## About this task
Pictures in the entries below are excluded; copy only the lines from the one containing "Before and after" to the one containing "EIF2S1 (pS49) Antibody", both included.

## Raw data
* * * * * * *

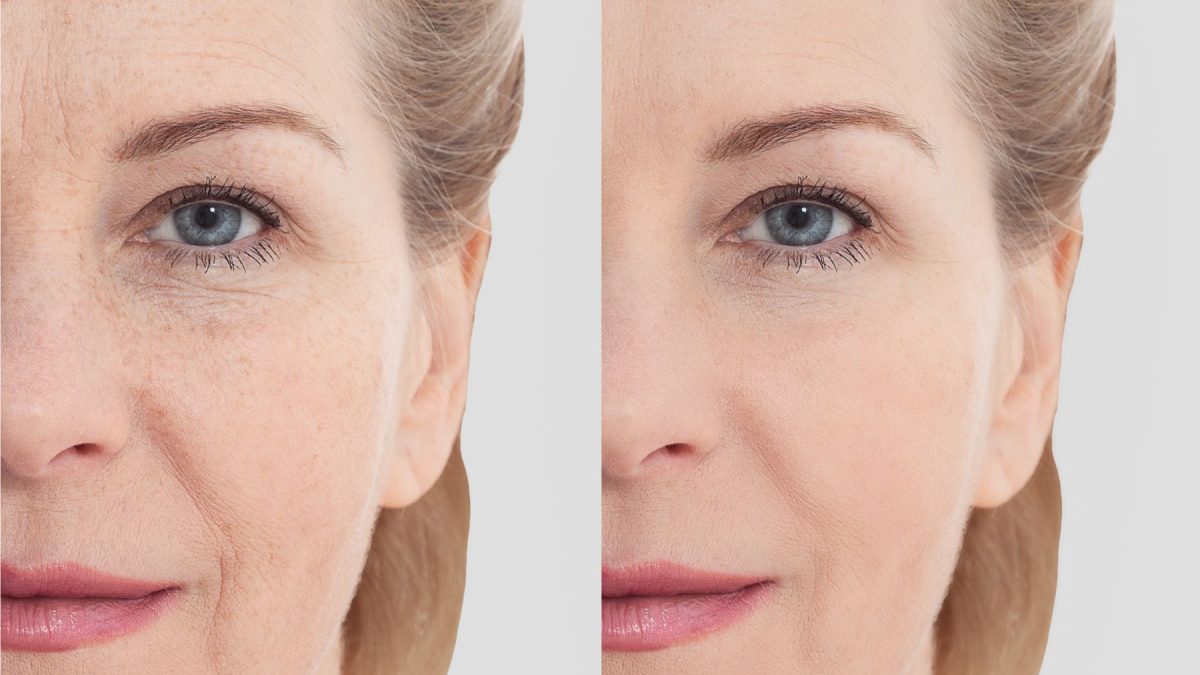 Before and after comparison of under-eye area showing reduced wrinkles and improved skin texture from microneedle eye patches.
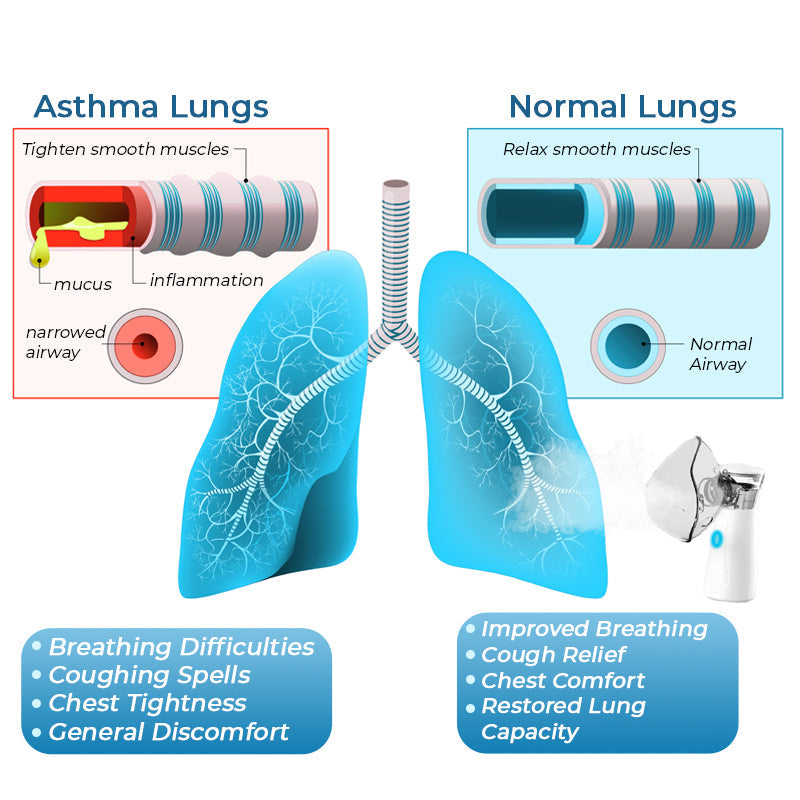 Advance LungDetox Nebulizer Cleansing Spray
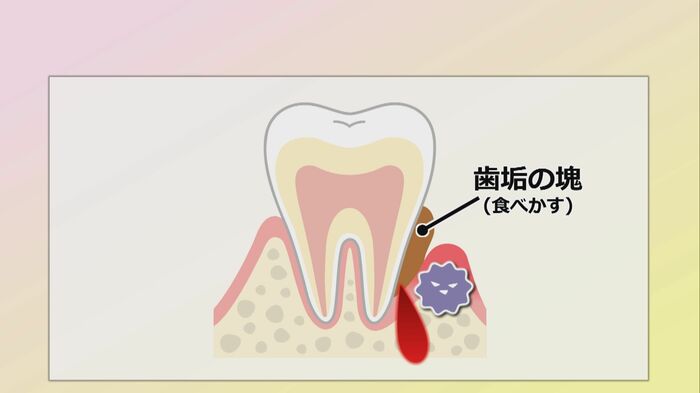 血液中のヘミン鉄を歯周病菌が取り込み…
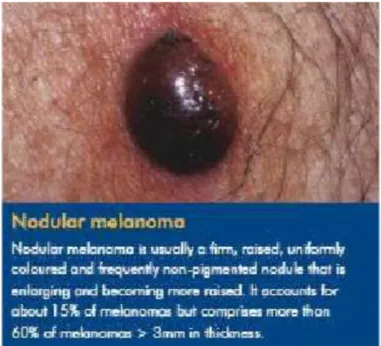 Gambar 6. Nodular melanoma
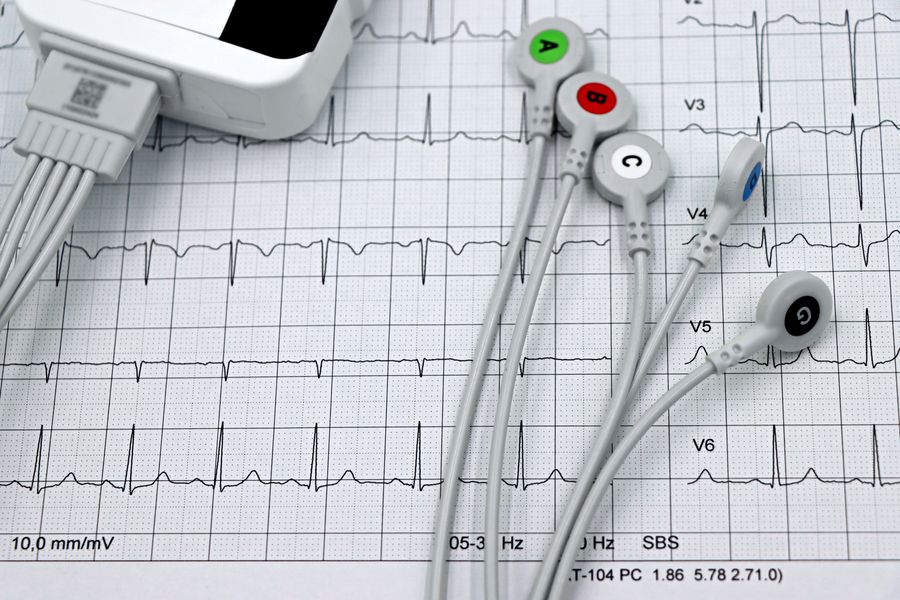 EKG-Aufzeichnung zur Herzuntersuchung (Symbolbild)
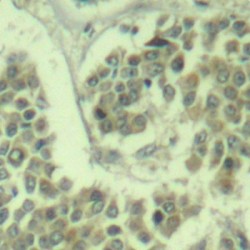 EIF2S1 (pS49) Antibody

* * * * * * *

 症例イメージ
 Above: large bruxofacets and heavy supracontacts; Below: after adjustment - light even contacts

* * * * * * *

## Response to this task
 Before and after comparison of under-eye area showing reduced wrinkles and improved skin texture from microneedle eye patches.
 Advance LungDetox Nebulizer Cleansing Spray
 血液中のヘミン鉄を歯周病菌が取り込み…
 Gambar 6. Nodular melanoma
 EKG-Aufzeichnung zur Herzuntersuchung (Symbolbild)
 EIF2S1 (pS49) Antibody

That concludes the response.